**Problem description**
Only the text belongs in the answer: every line of the records below, transcribed exactly.

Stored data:
----------
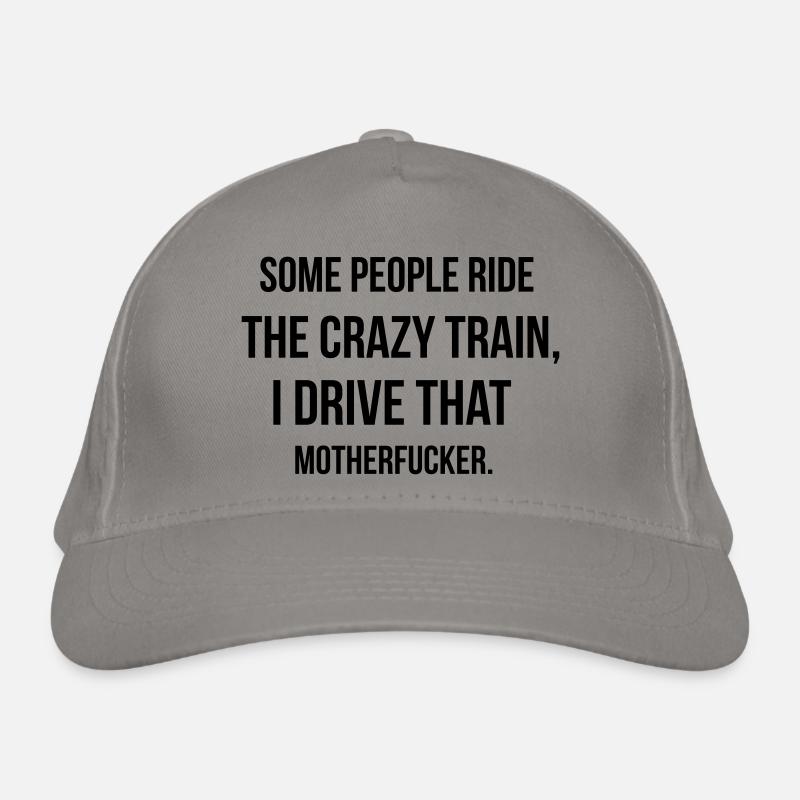 Crazy Casquette classique bio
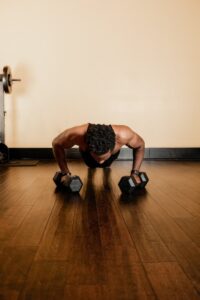 learn how to do pushups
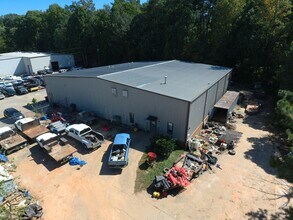2485 Jake Dr, Cumming, GA - VUE AÉRIENNE  vue de carte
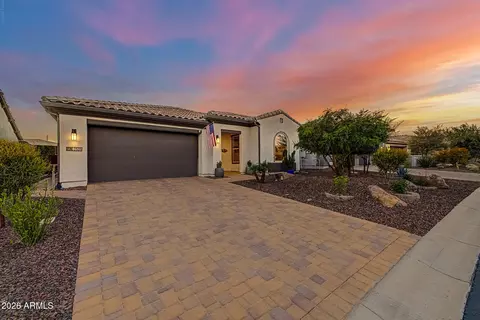Exterior - 17535 E Silver Sage Ln, Rio Verde, AZ 85263 photo 2 of 12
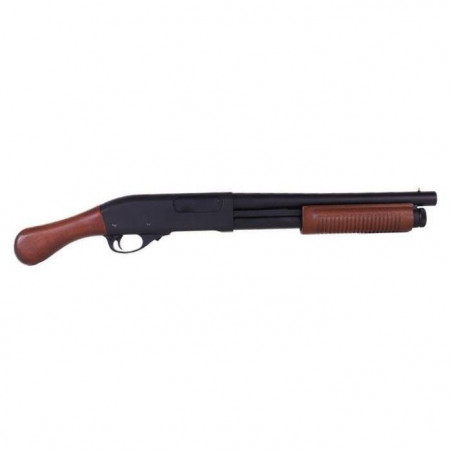 Fusil à Pompe Golden Eagle GR870 Sawed Off Bois Gaz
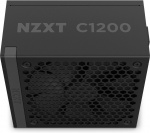 NZXT C1200 ATX 3.1-nätaggregat, 1200 W, svart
----------
**Exercise result**
 Crazy Casquette classique bio
 learn how to do pushups
2485 Jake Dr, Cumming, GA - VUE AÉRIENNE  vue de carte
Exterior - 17535 E Silver Sage Ln, Rio Verde, AZ 85263 photo 2 of 12
 Fusil à Pompe Golden Eagle GR870 Sawed Off Bois Gaz
 NZXT C1200 ATX 3.1-nätaggregat, 1200 W, svart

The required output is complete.